Bei Alicia zuhause gibt es zeitweise keinen Strom mehr, und auch die Wasserversorgung ist unterbrochen. Zuerst nehmen wir ihren Kinderchor auf, den sie mit Gesten und Grimassen dirigiert, die die Kinder begeistert nachahmen. Danach wird spontan eine soirée mit ihrem Vater improvisiert. Andrés ist ein berühmter Pianist, der am Tschaikowsky-Konservatorium in Moskau studiert und einige Alben veröffentlicht hat. Er ist ein Freund von Arturo Sandoval, mit dem er viel zusammen gespielt hat. Er möchte nicht aus Kuba weg, obwohl er - wie fast alle - nur das Nötigste hat und unter Bedingungen lebt, die in völligem Gegensatz zu seinem Talent stehen.

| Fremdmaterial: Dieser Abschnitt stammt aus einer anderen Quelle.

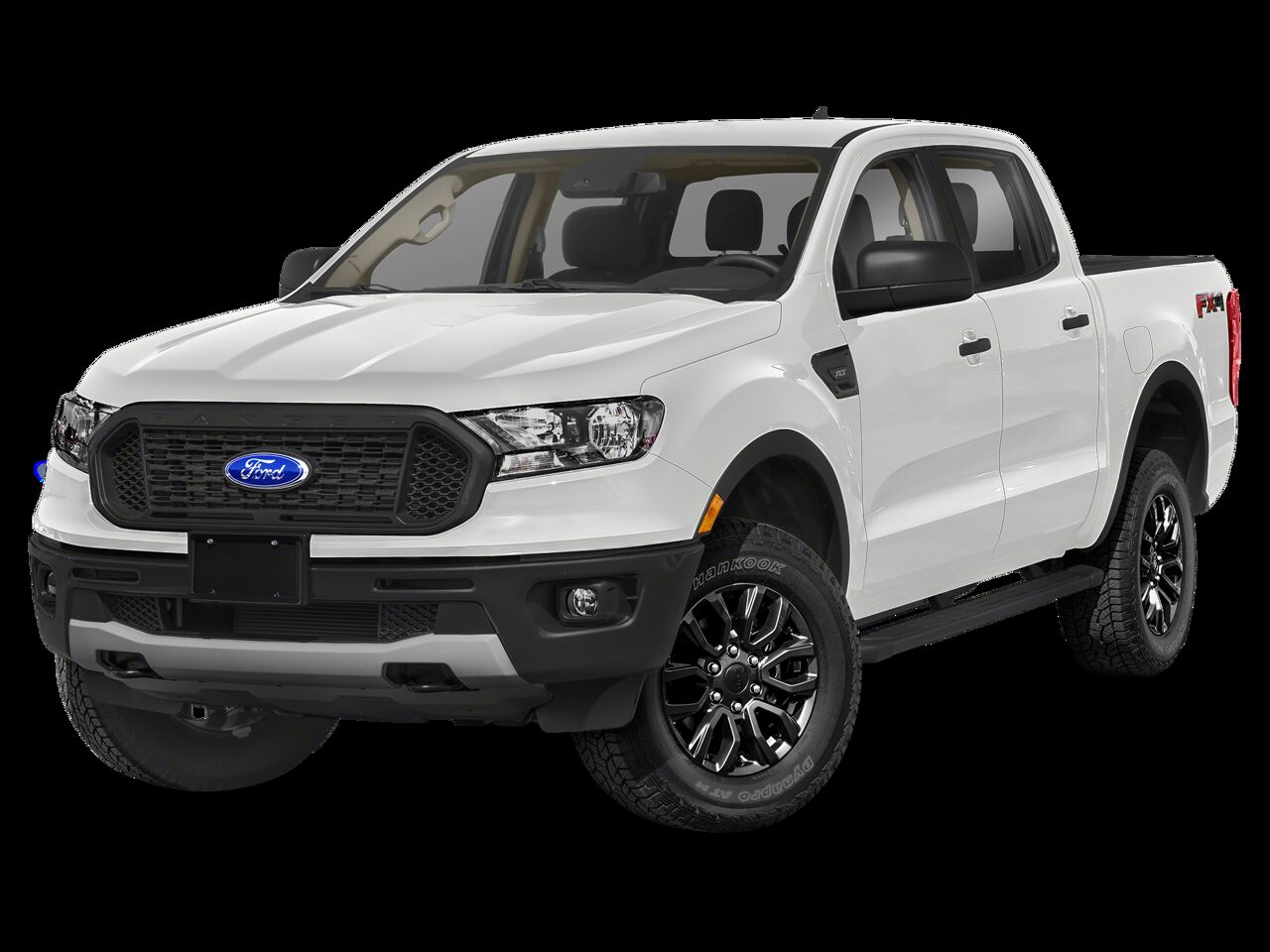 2022 FORD Ranger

Erst am Abend bei Kerzenschein läßt sich Andrés überreden, ein spezielles Pianowerk des kubanische Komponisten Saumell aufzunehmen. Nachts fange ich an, Nicolas Guillén zu lesen:

 

Du, der du Kuba vergessen hast,

Antworte, du,

Wo wirst du grün an grün finden?

Blau an blau

Palme an Palme unter dem Himmel?

Antworte, du,

Der du deine Sprache vergessen hast,

Antworte, du,

Und in fremder Sprache kaust

Das well und das you,

Wie kannst Du stumm bleiben?

Antworte, du.

 

[ VII ]

 

Aufzeichnung im Museo de la Música. Osmani, der dort die Instrumente wartet, ist dabei, verschiedene Pianolas zum Klingen zu bringen. Stefan ist überzeugt davon, daß von Kuba in musikalischer Hinsicht wesentliche Impulse ausgingen, die bis in die USA gelangten. Wir bitten Osmani, ausschließlich alte Musikrollen vom Anfang des Jahrhunderts zu benutzen. Obwohl er Probleme macht und etwas von offiziellen Genehmigungen murmelt, unsere Hartneckigkeit und unsere Dollars regeln schließlich alles.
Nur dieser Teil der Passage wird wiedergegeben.